For several weeks those questions stayed safely tucked in that internal file cabinet. Then one day while out for my morning run my brain, in it’s infinite wisdom, decided to have a conversation with itself. Today’s topic: are online friends real? This is sort of how it went:
What about all of those people you chat with on twitter? You know the ones you share inappropriate crushes with that your IRL friends wouldn’t quite understand. Are they friends?
Well those are twitter friends, it’s a public forum I don’t really know all that much about them. And I don’t put personal details on twitter. I don’t put the kidlet on there or the current legal spouse’s name. And that says something because CLSs name would go over big on twitter. So I guess they fall under the category acquaintances.
What about the ones you connected with on Facebook?
Well those are ones that are closer to the inner circle. I might like to go to dinner with those people if we lived in the same town, maybe have a drink or two, ok maybe 10.
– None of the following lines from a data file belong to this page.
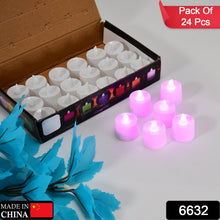 Pink Flameless LED Tealights Smokeless Decorative Candles LED Tea Light Pack of 24 - justgrabit.in | Just Grab It
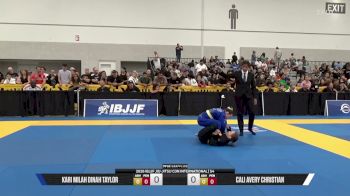 Cali Avery Christian vs Kari Milah Dinah Taylor 2026 IBJJF Jiu-Jitsu CON International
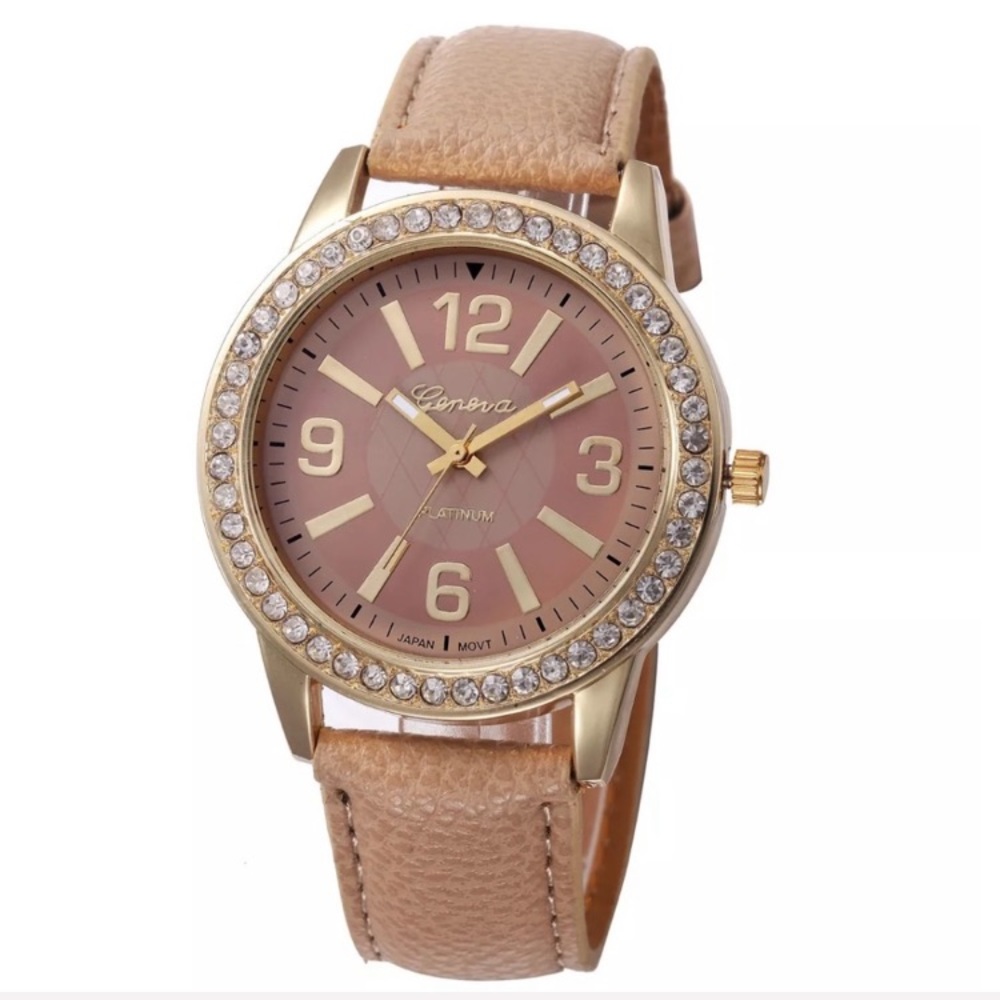 Women’s Geneva Oversized Rhinestone Face Watch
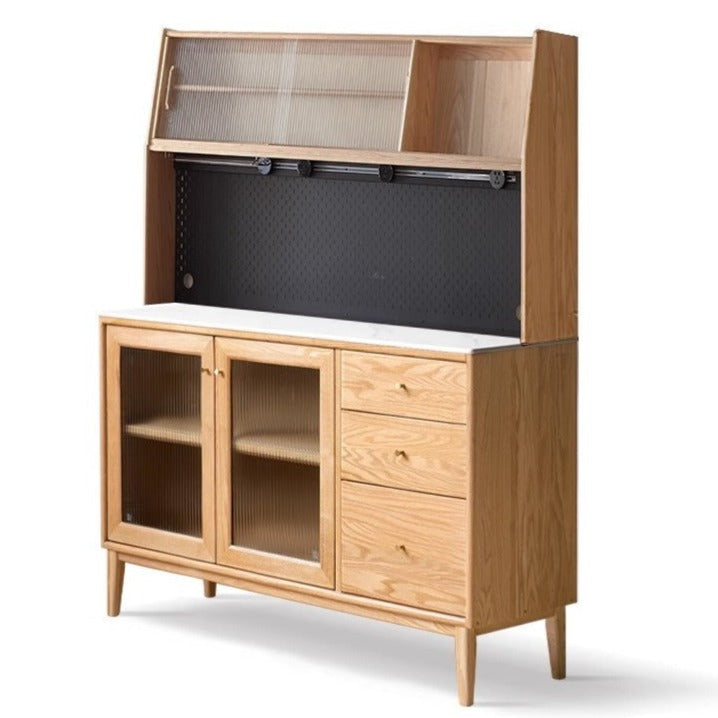 Oak solid wood Sideboard, Buffet cabinet :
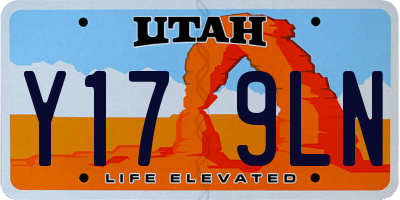 UT license plate Y179LN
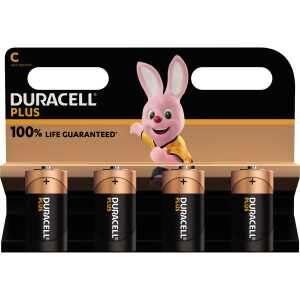 Batterie C/LR14 4ST Plus-ExtraLife DURACELL 141865 / 5009813 Baby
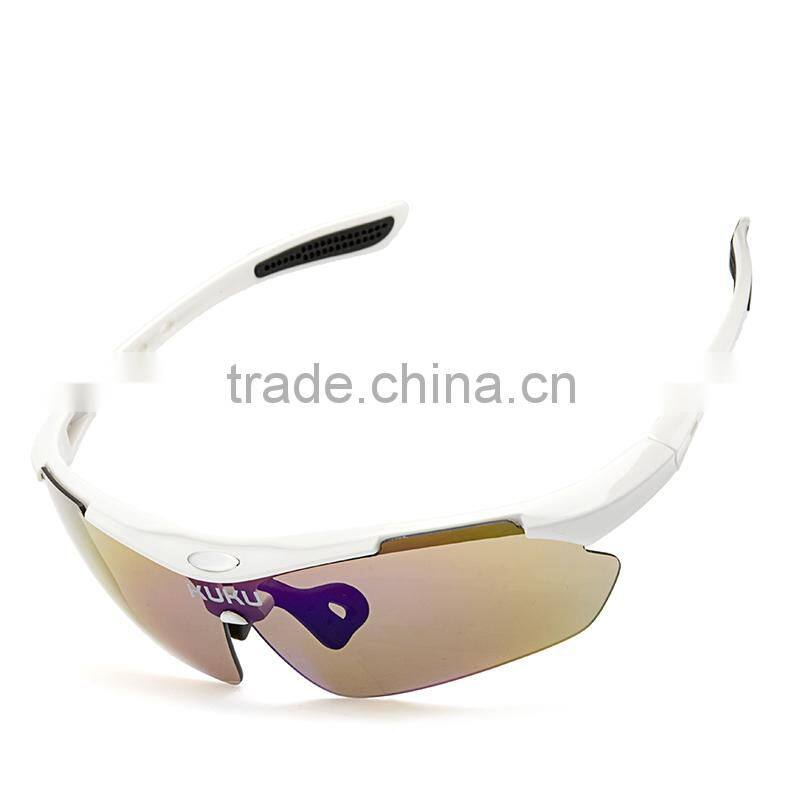 Hot selling 5 lens whole set outdoor sporting blue blocking sunglasses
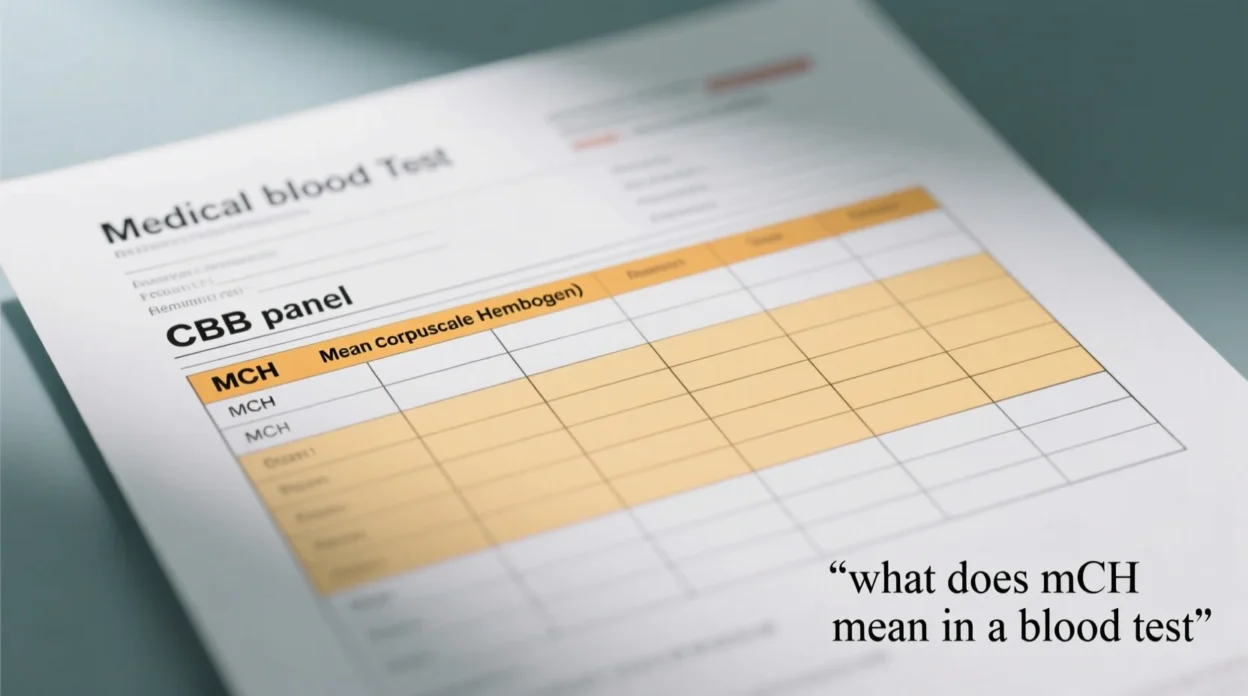 what does mch mean in a blood test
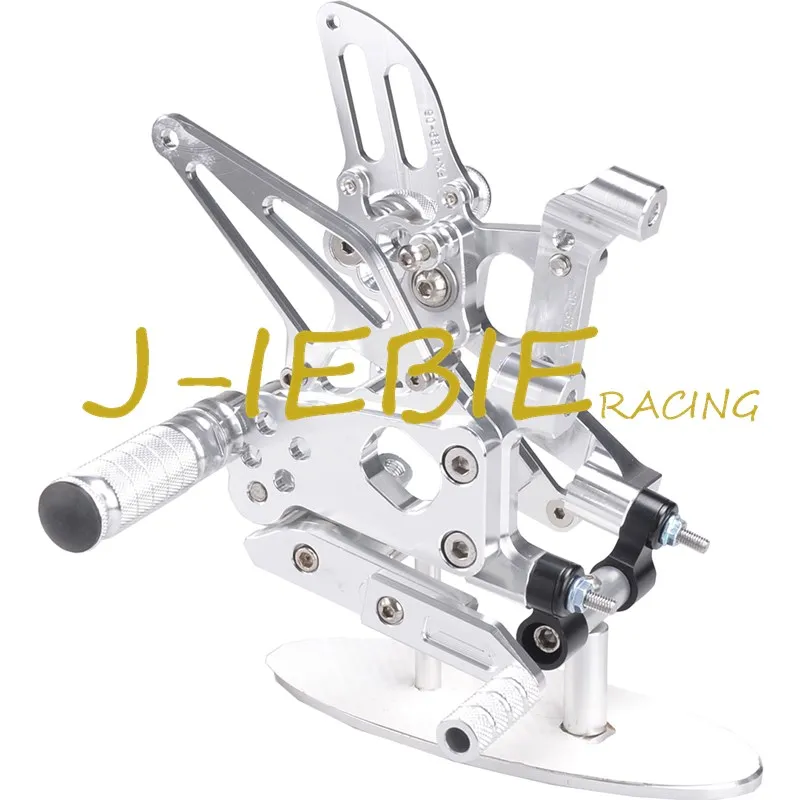 CNC Racing Rearset Adjustable Rear Sets Foot pegs Fit For Ducati 899 959 1199 1299 Panigale 2012 2013 2014 2015 2016 SILVER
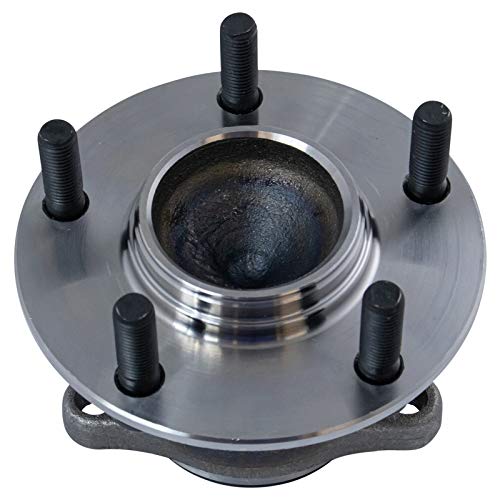 Image of TRQ 2 Piece Rear Passenger Side Driver & Passenger Side Wheel Bearing & Hub Assembly Set with ABS Sensor Compatible with 2009-2013 Mazda 6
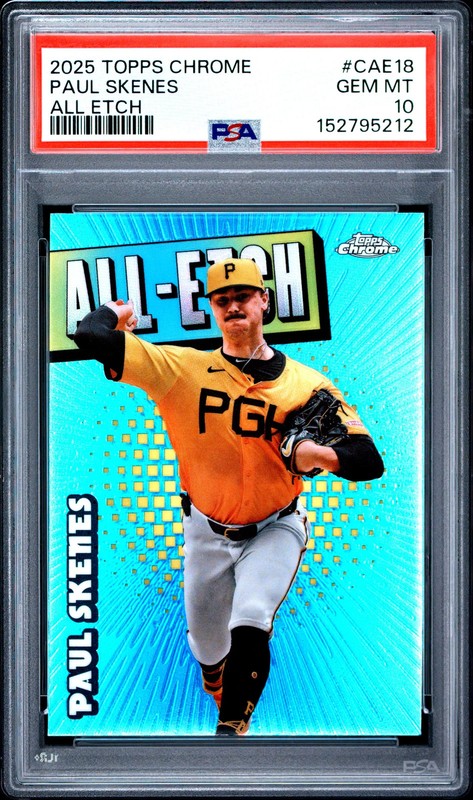 2025 Topps Chrome All Etch Paul Skenes #CAE18 PSA 10
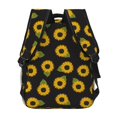 thumbnail image 4 of Disketp Sunflowers Mochila Estampada para Hombre y Mujer – Mochila Ligera Clásica con Múltiples Bolsillos para Universidad, Trabajo y Viajes-One Size, 4 of 5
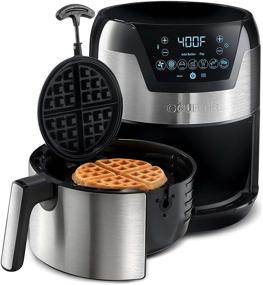 img 4 attached to Gourmia GAFW598 2-in-1 - 5-Quart Digital Air Fryer with Waffle Maker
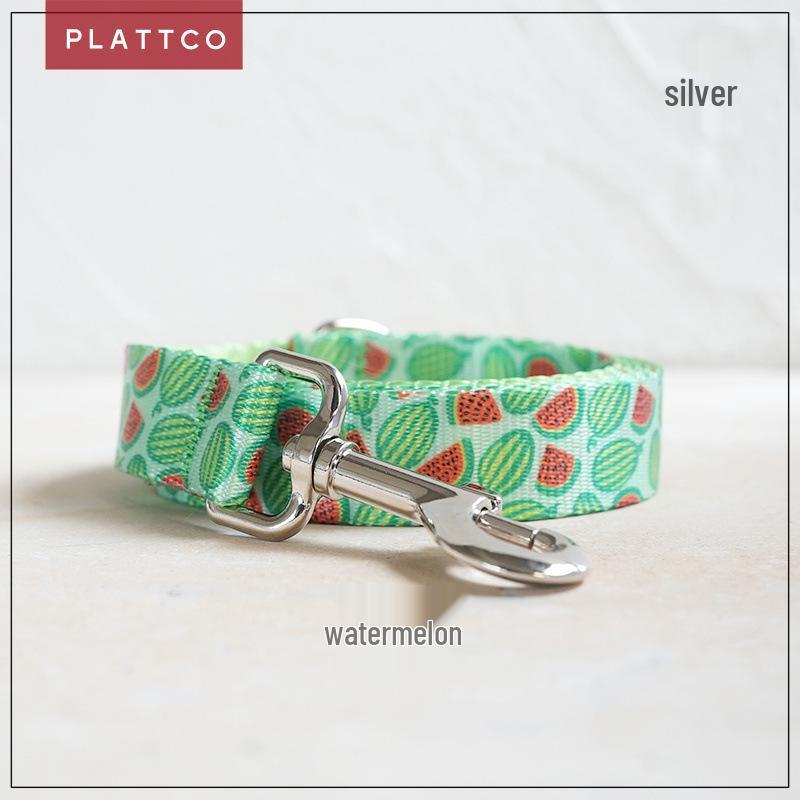 PLATTCO Watermelon Print Nylon Dog Leash PDL325 XS 1.5cm*(23-30cm)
Really, so what about the one’s you PM with or the ones who have your mobile number and you text with or even chat with?
Well maybe they are friend friends, so I guess they fall under a different category.
And what about those that you chat with everyday, all day?
Hey, whose side are you on anyway?
I’m your brain so I guess I’m on your side.
The conversation continued for a bit longer and here is where my brain and I ended. Online friendships are real. In an ever changing world that gets smaller even as I type this, the way we define friends and friendship is constantly evolving.
I am blessed to have people in my life that I have known since birth. Friends that I have made at every stage of my life. But lately, I am even more blessed to have made rewarding and enriching connections with people online. Those friendships started from a random tweet while at a play in London, from a mutual love of a certain dark haired actor (who shall remain nameless) to a love of running (OK not so much love for me but a necessity). But regardless of how they started, these friendships make me laugh out loud (daily most times), make me cry, make me think, make me feel every range of emotion known to man. We celebrate each other’s small victories, bust our metaphorical balls when we do something truly stupid, share our stories, encourage and lift each other up. How is that not friendship?
While I acknowledge the whimsical nature of online friendships, I am equally certain that one or two (maybe even three or four) of these ladies will be a part of my life for the rest of my life. I won’t call them out because they know who they are. Eventually I will meet them IRL. If I’m lucky they won’t be serial killers. If I’m really lucky they will be even more spectacular in person. Fingers crossed!